A four-year-old tie-up with Japanese mobile operator Docomo, which delivers customized handsets, games and short-form video to around 750,000 active subscribers, showcases the merits of localization tailored to individual countries.
“In Japan, we have businesses that are pretty unique. We want to take that philosophy and bring it to all the other countries in Asia,” Mayer said.
“In Asia specifically, it is going to be incumbent upon us to create partnerships and to work with other companies, and to look at acquisitions as well, to try to grow, because of the unique and local preferences in this part of the world.”
Disney started focusing on fewer but bigger brands within its portfolio – supported by advances in technology and global reach to make, distribute and monetize them – when current CEO Bob Iger took the top job in 2005.
Successive swoops on Pixar, Marvel Entertainment and Lucasfilm, overseen by Mayer, have been key to this strategy, helping reboot Disney’s hit-making credentials while lifting consumer revenue across multiple categories, from merchandizing to TV to online games.
The acquired studios remain relatively autonomous, a working template formed in 2006 during the acquisition of Pixar, which has since become Disney’s main animation hub.
“We integrate them from a business model perspective and we have the synergies across multiple platforms," Mayer explained.
"But from a creative perspective we acknowledge that each one is different, each one understands their brand and their connection to consumers in a unique way.”
As local distribution and retail landscapes evolve, more opportunities to connect with consumers, and better understand them, are opening up worldwide.

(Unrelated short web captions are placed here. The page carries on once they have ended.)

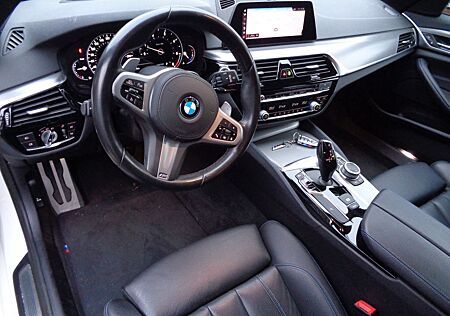 BMW 520d xDT M Sport Leder Sthz.Head U.Live C.Disp.K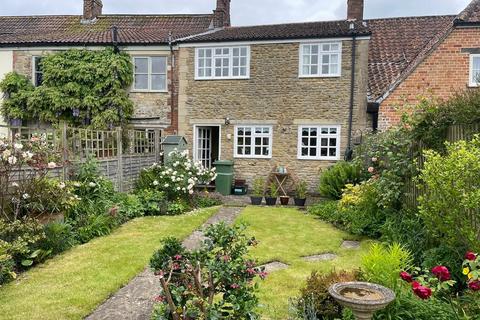 3 bedroom cottage for sale, High Street, Rode, BA11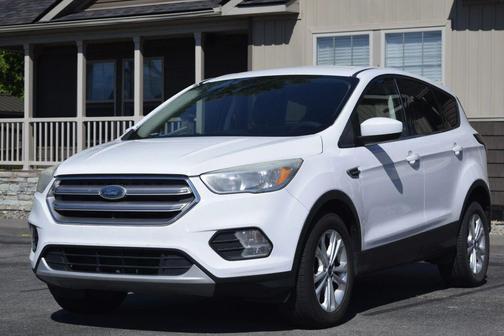 White Platinum Metallic Tri-Coat 2017 Ford Escape SE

Disney has also picked up Maker Studios, one of the world’s largest online video aggregators or multichannel networks (MCNs), that serves as both a marketing platform and short-form content engine, equipped with two-way interactivity.
“We’re not going to place a bet solely on one mode of getting to consumers,” Mayer said.
“One thing that we see today is that content finds its way through a multitude of pathways to consumers. We need to be respectful of that, and seed all of those different pathways.”
Those also include direct-to-consumer businesses such as multimedia offering DisneyLife, as well as branded on-demand services, such as Disney On Demand, provided by third-party distribution platforms.
These initiatives, designed to complement Disney’s pay-TV offerings, could become more common as operators add more broadband products to their linear services.
“Just because something is on-demand, it doesn’t mean you can’t sell in a bundle,” Mayer remarked. “I think you will be seeing that evolution all across the world.”